:: Entries supplied ::
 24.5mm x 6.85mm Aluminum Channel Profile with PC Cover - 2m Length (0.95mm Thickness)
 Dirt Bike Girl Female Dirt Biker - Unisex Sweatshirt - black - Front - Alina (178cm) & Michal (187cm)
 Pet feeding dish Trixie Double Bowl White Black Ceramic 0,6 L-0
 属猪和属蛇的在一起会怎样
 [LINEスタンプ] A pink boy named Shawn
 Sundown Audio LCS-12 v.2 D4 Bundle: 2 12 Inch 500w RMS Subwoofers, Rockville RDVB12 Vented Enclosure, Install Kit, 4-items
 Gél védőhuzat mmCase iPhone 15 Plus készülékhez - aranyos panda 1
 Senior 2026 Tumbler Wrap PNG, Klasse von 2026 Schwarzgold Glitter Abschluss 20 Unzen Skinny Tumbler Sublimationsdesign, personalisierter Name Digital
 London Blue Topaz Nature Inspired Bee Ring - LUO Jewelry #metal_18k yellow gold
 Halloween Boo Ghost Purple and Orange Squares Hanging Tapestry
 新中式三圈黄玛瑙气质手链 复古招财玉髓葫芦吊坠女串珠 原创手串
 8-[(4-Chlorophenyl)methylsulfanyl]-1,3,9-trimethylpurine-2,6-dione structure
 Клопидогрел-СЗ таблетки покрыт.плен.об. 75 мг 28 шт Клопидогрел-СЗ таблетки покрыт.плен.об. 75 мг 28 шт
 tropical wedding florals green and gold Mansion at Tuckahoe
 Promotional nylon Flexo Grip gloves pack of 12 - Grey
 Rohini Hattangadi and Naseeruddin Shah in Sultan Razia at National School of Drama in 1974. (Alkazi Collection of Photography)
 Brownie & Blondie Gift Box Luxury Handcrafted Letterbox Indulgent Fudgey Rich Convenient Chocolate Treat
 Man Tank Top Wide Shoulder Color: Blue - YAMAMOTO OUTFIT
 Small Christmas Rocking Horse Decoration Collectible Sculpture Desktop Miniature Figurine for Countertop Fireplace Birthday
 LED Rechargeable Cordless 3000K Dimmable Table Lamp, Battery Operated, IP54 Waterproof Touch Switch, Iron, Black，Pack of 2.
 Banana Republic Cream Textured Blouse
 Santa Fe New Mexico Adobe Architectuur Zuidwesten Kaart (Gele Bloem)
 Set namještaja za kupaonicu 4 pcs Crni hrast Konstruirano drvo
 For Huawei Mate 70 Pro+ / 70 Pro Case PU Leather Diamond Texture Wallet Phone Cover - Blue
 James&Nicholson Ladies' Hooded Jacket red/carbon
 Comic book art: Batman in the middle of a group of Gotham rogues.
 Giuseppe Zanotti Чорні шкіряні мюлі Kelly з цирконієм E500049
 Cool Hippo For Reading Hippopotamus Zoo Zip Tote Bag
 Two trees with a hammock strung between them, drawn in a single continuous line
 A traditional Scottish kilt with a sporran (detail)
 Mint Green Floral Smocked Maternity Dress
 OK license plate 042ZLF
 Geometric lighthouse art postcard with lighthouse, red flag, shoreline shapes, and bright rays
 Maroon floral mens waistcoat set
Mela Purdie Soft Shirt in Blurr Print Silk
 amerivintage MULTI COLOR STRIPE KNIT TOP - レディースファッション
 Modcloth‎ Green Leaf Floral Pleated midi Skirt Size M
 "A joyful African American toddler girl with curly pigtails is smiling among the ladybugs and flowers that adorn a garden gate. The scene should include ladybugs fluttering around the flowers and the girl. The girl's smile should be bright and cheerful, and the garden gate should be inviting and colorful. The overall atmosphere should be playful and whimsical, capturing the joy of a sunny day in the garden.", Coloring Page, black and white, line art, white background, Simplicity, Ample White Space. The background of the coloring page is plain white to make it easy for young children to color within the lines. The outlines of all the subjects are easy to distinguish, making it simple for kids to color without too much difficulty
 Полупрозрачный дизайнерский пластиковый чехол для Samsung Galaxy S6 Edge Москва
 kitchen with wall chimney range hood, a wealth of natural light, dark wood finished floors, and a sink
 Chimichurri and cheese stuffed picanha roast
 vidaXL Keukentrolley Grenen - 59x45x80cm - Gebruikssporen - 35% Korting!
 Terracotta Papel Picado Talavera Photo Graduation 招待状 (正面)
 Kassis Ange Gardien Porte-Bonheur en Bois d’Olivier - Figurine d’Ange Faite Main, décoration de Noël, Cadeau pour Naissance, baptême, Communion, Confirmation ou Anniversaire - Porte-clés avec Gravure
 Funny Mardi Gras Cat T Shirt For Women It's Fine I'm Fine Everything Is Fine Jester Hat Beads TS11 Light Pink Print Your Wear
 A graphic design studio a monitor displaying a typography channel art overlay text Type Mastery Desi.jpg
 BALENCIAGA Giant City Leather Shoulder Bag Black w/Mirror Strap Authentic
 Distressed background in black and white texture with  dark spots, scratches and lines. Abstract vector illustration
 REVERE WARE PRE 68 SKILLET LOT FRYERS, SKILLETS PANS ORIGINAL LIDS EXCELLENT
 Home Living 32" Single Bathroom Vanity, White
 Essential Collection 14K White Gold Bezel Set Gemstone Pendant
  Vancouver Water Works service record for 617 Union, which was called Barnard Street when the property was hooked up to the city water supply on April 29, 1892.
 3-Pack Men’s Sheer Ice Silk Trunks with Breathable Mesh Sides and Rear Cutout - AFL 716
:::
▸ **Exercise details**
Please output exactly the lines between the one holding "tropical wedding florals" and the one holding "Geometric lighthouse art" in the records above, inclusive, and nothing more.

▸ **Solution to this problem**
 tropical wedding florals green and gold Mansion at Tuckahoe
 Promotional nylon Flexo Grip gloves pack of 12 - Grey
 Rohini Hattangadi and Naseeruddin Shah in Sultan Razia at National School of Drama in 1974. (Alkazi Collection of Photography)
 Brownie & Blondie Gift Box Luxury Handcrafted Letterbox Indulgent Fudgey Rich Convenient Chocolate Treat
 Man Tank Top Wide Shoulder Color: Blue - YAMAMOTO OUTFIT
 Small Christmas Rocking Horse Decoration Collectible Sculpture Desktop Miniature Figurine for Countertop Fireplace Birthday
 LED Rechargeable Cordless 3000K Dimmable Table Lamp, Battery Operated, IP54 Waterproof Touch Switch, Iron, Black，Pack of 2.
 Banana Republic Cream Textured Blouse
 Santa Fe New Mexico Adobe Architectuur Zuidwesten Kaart (Gele Bloem)
 Set namještaja za kupaonicu 4 pcs Crni hrast Konstruirano drvo
 For Huawei Mate 70 Pro+ / 70 Pro Case PU Leather Diamond Texture Wallet Phone Cover - Blue
 James&Nicholson Ladies' Hooded Jacket red/carbon
 Comic book art: Batman in the middle of a group of Gotham rogues.
 Giuseppe Zanotti Чорні шкіряні мюлі Kelly з цирконієм E500049
 Cool Hippo For Reading Hippopotamus Zoo Zip Tote Bag
 Two trees with a hammock strung between them, drawn in a single continuous line
 A traditional Scottish kilt with a sporran (detail)
 Mint Green Floral Smocked Maternity Dress
 OK license plate 042ZLF
 Geometric lighthouse art postcard with lighthouse, red flag, shoreline shapes, and bright rays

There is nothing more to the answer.